Hetzner Object Storage
hetzner.comFinally!
And the technical limits are really good now: https://docs.hetzner.com/storage/object-storage/overview#lim...
To us, 750 operations/s per Bucket and 50,000,000 objects per Bucket are deal breakers.
Maybe xx operations/s per TB of storage would have been better since that way large buckets would be able to scale.
Yes, the amount of operations per second is too small for directly serving files like for hosting. (We didn't have this issue since we proxy/cache all files via dedicated hardware)
Though, it's still too small if a HEAD request counts as an operation, since we need to check if files updated or not.
We use a cache too but we still will hit this limit because our cache is not very large compared with bucket size and as you said, we need to make HEAD requests.
I do not know if this is a hard limit or if some kind of burst is available for spikes. Constant limit per bucket without considering bucket size makes no sense. At least charge for operations as well.

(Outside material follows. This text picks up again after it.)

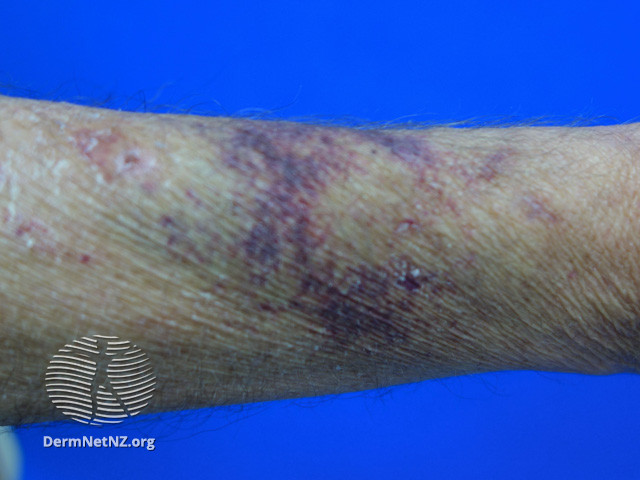 File:Senile purpura (DermNet NZ vascular-senile-purpura-1).jpg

Maybe they just can't scale quickly enough or maybe they consider object storage just for backup/archiving purposes.
It doesn't make sense to limit HEAD requests though as all S3 implementations store this metadata inside a KV database which is _built_ to handle much more than 750 reads per second.
Edit: There's an ongoing discussion here https://forum.hetzner.com/index.php?thread/31569-will-per-bu...
What is durability? I can't find this information.
https://docs.hetzner.com/storage/object-storage/faq/general/
What kind of redundancy does Object Storage offer? How resilient is the product to failures?
"Each uploaded data object is divided into chunks, which are distributed across multiple servers within the cluster. Using erasure coding, the system can ensure data integrity even if up to three storage servers fail.
As always, each of our products can only be one part of a secure backup strategy."
What location is data stored in?
"The entire data of a Bucket is stored in the location you selected. In that location, the data is stored in a single data center. The power and network infrastructure is designed with built-in redundancy for high availability."
So it is single data center and they don't specifically claim durability percentage.